The film begins with a unique view, the camera pointed toward the sky from underwater, surrounded by sunlight filtering through a blue-green expanse. The slow, rasping sound of a diver inhaling oxygen fills the speakers, and the picture seems to flow with the movement of water.
It’s the beginning of a story about what scallop diver James Sewell experiences every day at work.
“Diving for Scallops,” a film by Portland residents Christoph Gelfand and Caroline Losneck, chronicles the trade of Sewell, one of only 30 scallop divers left in Maine. The film will be screened next weekend as part of the 11th Camden International Film Festival.
CIFF, scheduled for Sept. 17-20 at venues in Camden, Rockport and Rockland, will include screenings of more than 60 features and short films, such as that of Gelfand and Losneck, with filmmakers attending nearly every showing.
Passes for the festival can be purchased online, and individual tickets for screenings can be purchased at the screening venues for $10 each. In addition to the feature screenings, collections of short films will be screened each morning of the festival free of charge.

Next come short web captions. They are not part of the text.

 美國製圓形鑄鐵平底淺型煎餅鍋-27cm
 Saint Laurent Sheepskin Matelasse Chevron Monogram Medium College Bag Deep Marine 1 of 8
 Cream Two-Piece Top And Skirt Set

CIFF also is offering a free day of feature film screenings Thursday in partnership with the Rockland Public Library leading up to the opening night film at the Camden Opera House.
This year’s program includes award winners, such as “Olmo and the Seagull”; United States premieres, such as “Above and Below” from director Nicolas Steiner; a number of unique short films; and a sidebar program of historic ethnographic films.
CIFF began in 2005 as a brainchild of founder and executive director Ben Fowlie of Camden, whose goal was to highlight the work of nonfiction artists who used film to tell stories. CIFF has evolved into one of the top documentary film festivals in the world. Even though it draws filmmakers from far and wide, Fowlie and the organizers of CIFF have kept a piece of Maine in this year’s program.
For Gelfand and Losneck, “Diving for Scallops” was a collaboration of talent. Gelfand, who has an education in film and owns a video production business, True Life Media, met Losneck, a documentarian specializing in audio work, at a mutual friend’s wedding. The two found common ground as artistic, driven minds willing to explore new and different terrain, but one topic of conversation — the recent deaths of each of their fathers — profoundly influenced their filmmaking relationship.
“I don’t think I’d be making film without him,” Losneck said of Gelfand, to which he responded, “and I would say I wouldn’t be making film without her.”
“Diving for Scallops,” which represents a way of life that may soon disappear, will show Sunday, Sept. 20 along with other short Maine films, including one titled “Farm,” another of Gelfand’s productions. They will show as part of the “Dirigo Shorts” portion of the program.